Friday, May 09, 2008

I See Dead Cows

Most people probably know that a not entirely uncommon design touch in western front yards is the cow skull. I don't know where the tradition originally started, but now and then in a desert-landscaped front yard you'll see a cow skull, preferably with horns. I guess it's a reminder of the harshness of the environment, or the economic impact of ranching, or the deep marks that cattle ranching left on the culture of the southwest (not so much these days, but powerfully so when I was a kid growing up in Flagstaff).

Heck, even my dad had a cow skull in his yard, but his life was complicated by the fact that neighborhood dogs used to steal his cow skull. He'd find it upside-down and gnawed in some other yard and he'd bring it home, only to have dogs drag if off again (I can only imagine that the dogs in question thought it was the coolest Milk-Bone they'd ever seen). He eventually attached it to a stake with baling wire to confound the pooches.

The point is that though cow skulls are not very common in front yards these days, they aren't entirely unheard-of.
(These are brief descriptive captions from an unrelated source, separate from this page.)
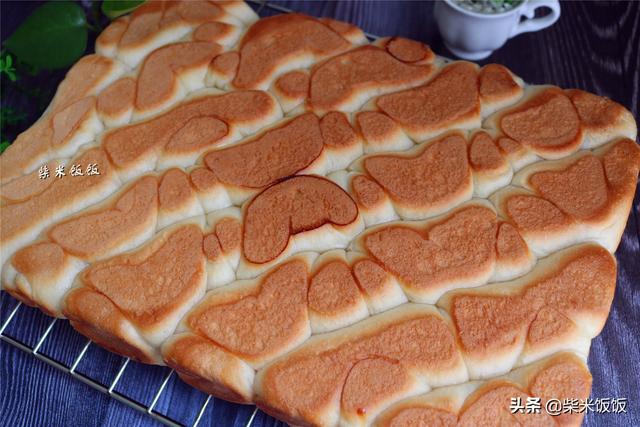 ​做面包，用它和面，面包柔软拉丝，放3天也不硬，比买的好吃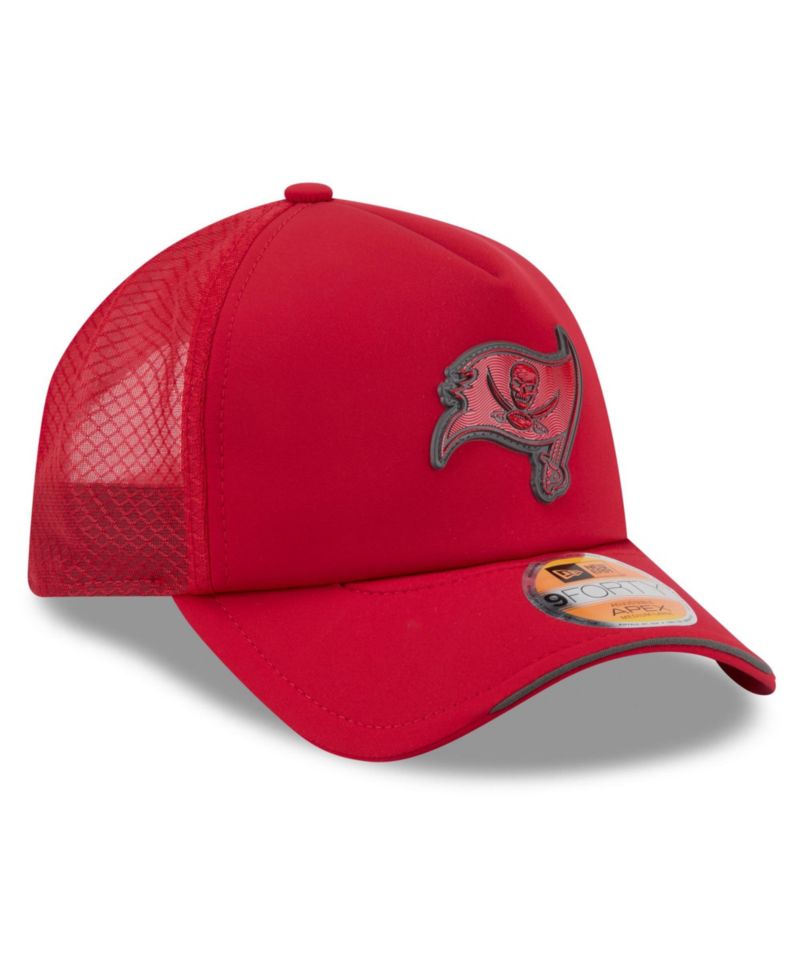 Men's Red Tampa Bay Buccaneers 2026 Sideline Apex 9FORTY Adjustable Trucker Hat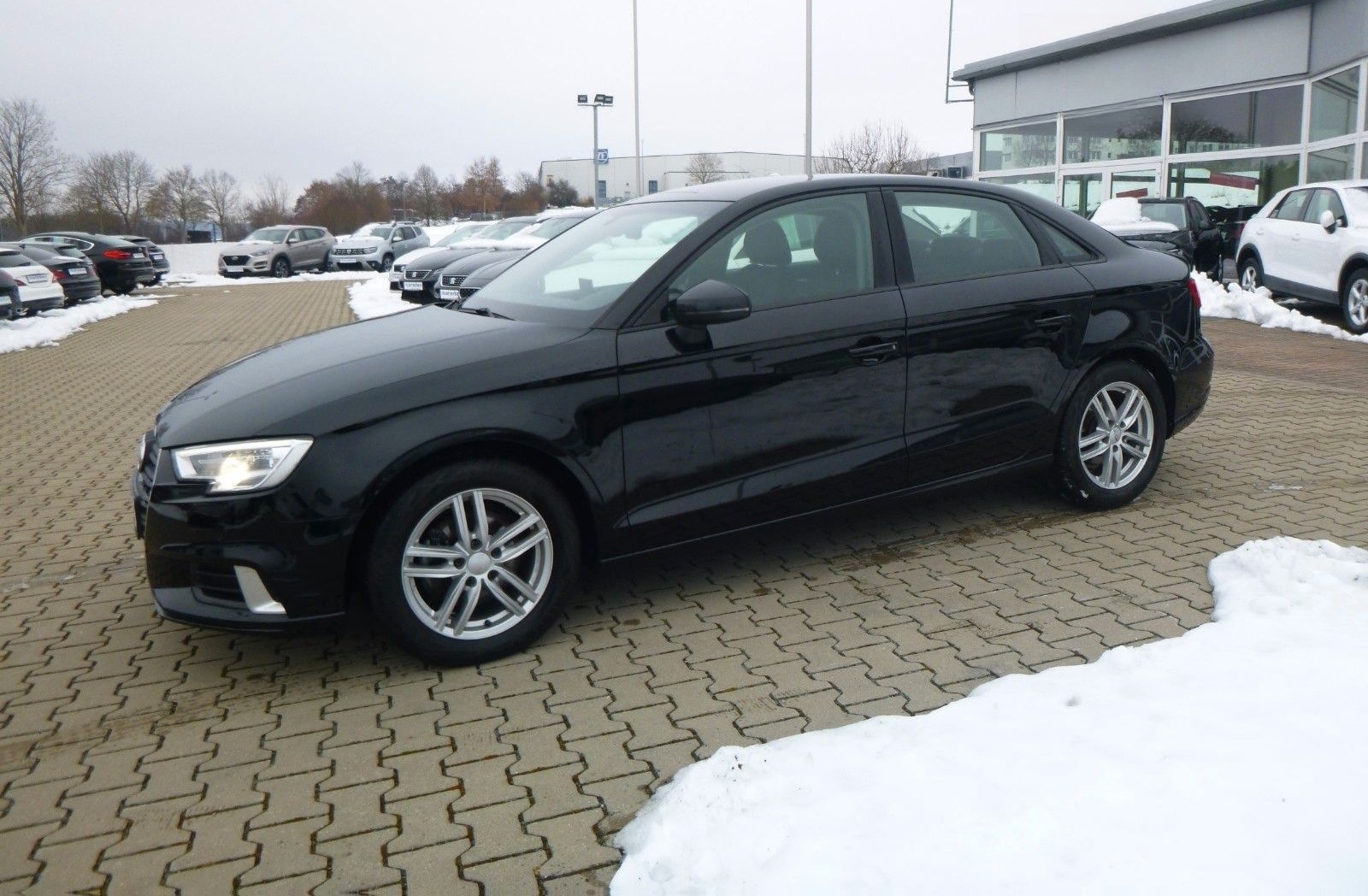 Audi A3 1.5 TFSI Limousine sport> 41.875KM/AHK/NAV< foto 4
But give someone a little slack and they go mad. It's like the people to start out with a single garden gnome and next thing you know they're installing a twenty-foot-tall sheet metal giraffe sculpture in their yard (don't laugh, I know where two such sheet metal giraffes can be had). Give someone a cow skull and a free hand, and next think you know, they build something grisly and weird.

There is a house down the road a piece (about a mile, which qualifies as "a piece"). It's sort of a McMansion thing, much bigger than the other custom homes in the area, and considerably more ornate. And its owner, a man who I imagine has a reputation for stretching questionable ideas painfully out of shape, decided to put cow skulls in his yard. Yes, skulls. And not content with mere skulls, he put whole dead cows in his yard. There's a scatter of spinal columns, ribcages, leg bones and the like; it looks almost exactly like four cows wandered for miles across the parched desert before finally dying in that spot of thirst and hopelessness. It's what Stephen King would come up with if he were a landscaping contractor, except he'd probably drill faux bullets holes in the skulls just for kicks. It's grisy, and it's depressing, like photographs of a dried-up waterhole in some drought-stricken part of Africa.

Unanswered (and, really, unasked) is the question of where one gets that many cow parts. Unanswered (and, again, unasked) is the question of why. But this is America; bad taste is never asked why.